There was a time when I was filled with pride and self-promotion, but God showed me my identity through Christ, and now I walk in assurance that he is guiding my every step.
I grew up in a Christian home with parents who are both pastors. They did a great job helping me understand the Bible, who Jesus was, and the sacrifice he made.
As I got into high school, I realized it was really a projection of my parents’ faith that I claimed as my own, but it wasn’t necessarily my own. I spent the first three years of high school living a double-sided life. I acted and behaved one way with my family and church friends, but when I was at school with my friends who didn’t follow Jesus, I acted differently.
My hypocrisy showed up at church, too. While I served in the children’s ministry and led worship, there was so much pride and self-promotion. I appeared to be pursuing Jesus in all these different ways, but there was a hidden side to me that was not following him.
One day, I was hanging out with a bunch of my friends who did not know Jesus, doing things I shouldn’t have been doing, and my pastor’s wife saw me. She met with me the next day and told me I would no longer be serving in any capacity in ministry. She explained that if I truly understood that Christ died to forgive me of my sin and rose again to give me a new life, there would be no two-sided element to my life.
I was completely devastated because my pride and my gifts were my whole identity, and now they were stripped away. After confessing everything to my mom, she reminded me that Jesus is enough. She preached the gospel to me and told me that Christ had already taken the punishment for me. He just wants to know me and have a relationship with me. I learned that my identity is in being a follower of Jesus, not in my capabilities and talents for serving him. She presented a decision for me to make: “Are you going to live for Christ or are you going to live for the world?” Right then and there, my mom led me to Christ.
At that point, I wanted to do everything I could to live for Jesus. I started asking God what he would want for my life moving forward. I ended up going to a Bible college to major in children’s and family ministries and biblical studies. In that time, the Word of God was so formative for me. I really grew in my understanding of who Jesus is in my life and grew in dependence on him.
After meeting my husband in college, we both ended up on staff at a church in New England and served there for seven years.

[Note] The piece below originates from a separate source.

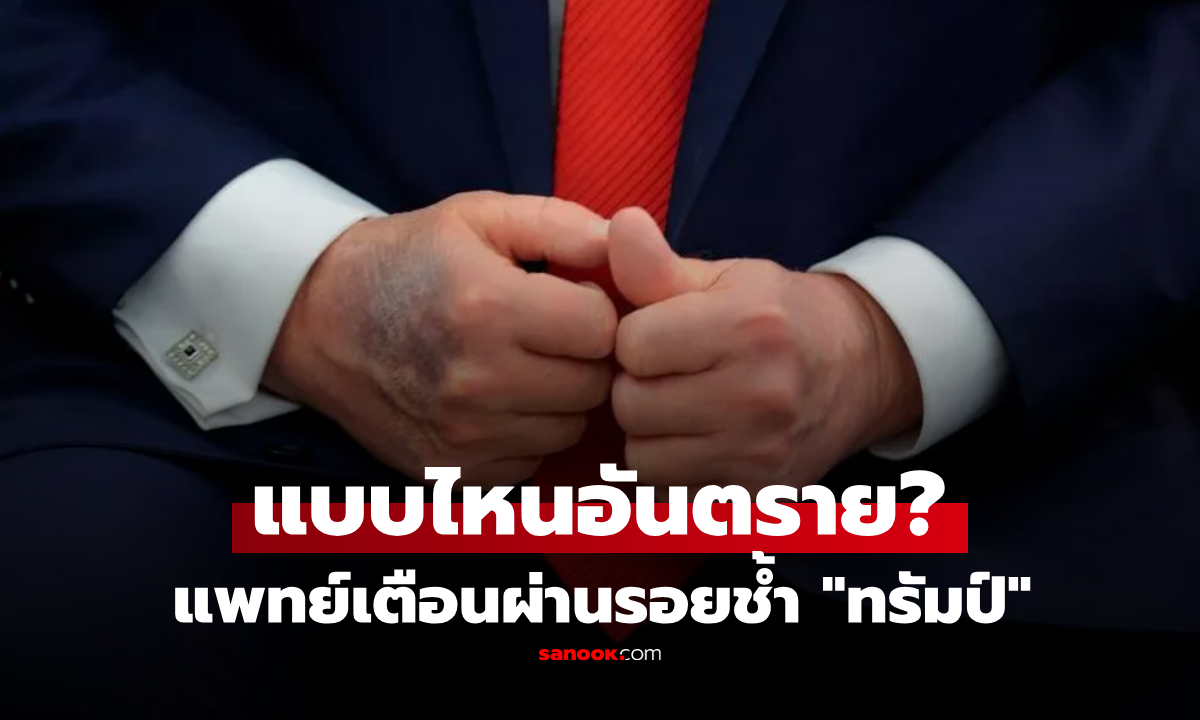 รอยช้ำแบบไหน “อันตรายถึงชีวิต” แพทย์เตือนผ่านเคส “ทรัมป์” เส้นเลือดดำบกพร่อง!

When COVID hit in 2020, we were struggling with infertility. We found out the week before shutdowns that we biologically couldn’t have children, and that was devastating to us. Ministry became very hard after we were asked to oversee young marriages and families—all of the couples were having kids, and we couldn’t.

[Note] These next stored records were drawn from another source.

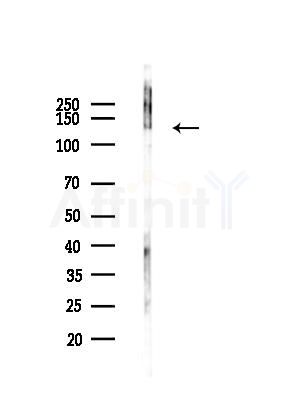 SAP130 Antibody - Western blot analysis of lysates from COLO205 cells(UV,30min treatment), using SAP130 Antibody at 1/1000 dilution.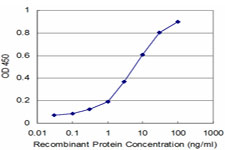 Detection limit for recombinant GST tagged MPHOSPH10 is approximately 0.3 ng/ml as a capture antibody.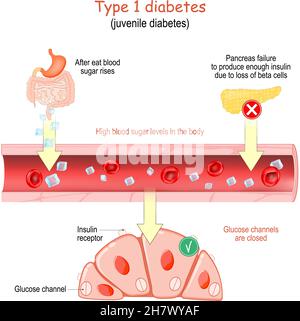 Typ-1-Diabetes. Jugenddiabetes. Hoher Blutzuckerspiegel im Körper. Die Glukosekanäle in den Zellen sind geschlossen. Vektor-Poster für Bildungs-und m Stock Vektor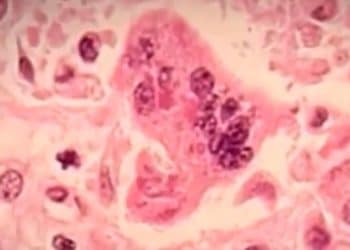 Texas measles outbreak grows to 159 cases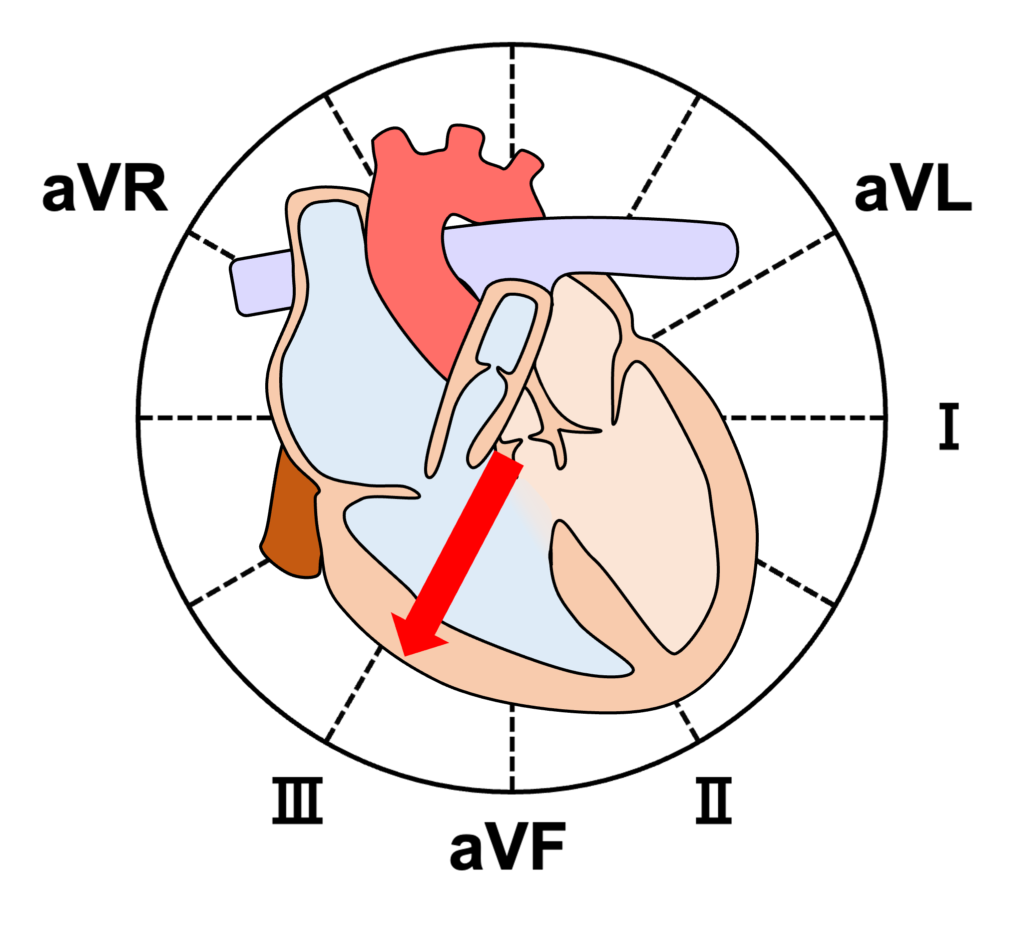 ファロー四徴症(Tetralogy of Fallot:TOF)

Processing in isolation because of shutdowns was really hard. I eventually stepped down from my role as Children’s Director because, physically, fertility treatment was so hard on me, and emotionally, I was not in a place where I could serve families.
I began to seek the Lord and ask him, “Out of this discouragement and heartache, what are you doing in our lives?” I started to get this impression that God was going to move us somewhere—I could sense something was changing or shifting. I prayed that if God really wanted us to move, he would have to tell Bobby.
The following April, in 2021, Bobby came to the Church Leaders Conference at Watermark. Over the next three days, Bobby kept sharing everything from the conference with me and was so excited about the authenticity and vulnerability he was experiencing.
On the last day of the conference, he called me and said, “Nina, I don’t know why, but I think we need to move to Dallas.” My response was quick, “I’m in! When do we leave?”
When he came back, we really sought the Lord together and asked him if this was really what he wanted for us. Together, we decided that God was leading us to Dallas and to Watermark. While I taught at a nearby school, Bobby attended the Watermark Institute, a 10-month program of hands-on ministry experience.
One of the biggest ways CLC impacted me was the timing. We were in a really deep place of discouragement in both life and ministry. But when he came home, that joy came with him. It started to impact me, too, and I began experiencing joy again.
You don’t always know what pastors and leaders are walking through when they come to CLC. But for us, it made a real difference. We were at a point where we were questioning whether we should continue in ministry, and CLC reignited Bobby's love for ministry. As his wife, I felt that shift too. There is a lot of hard in ministry, and this was one of the ways God gave us the hope we needed to keep going.
After I stepped down from my role at our church, I never thought I’d work on a church staff again. Now, both Bobby and I are on staff at Watermark. It’s been really sweet to see the Lord’s faithfulness in his guiding and leading, and how he used CLC to redeem our stories.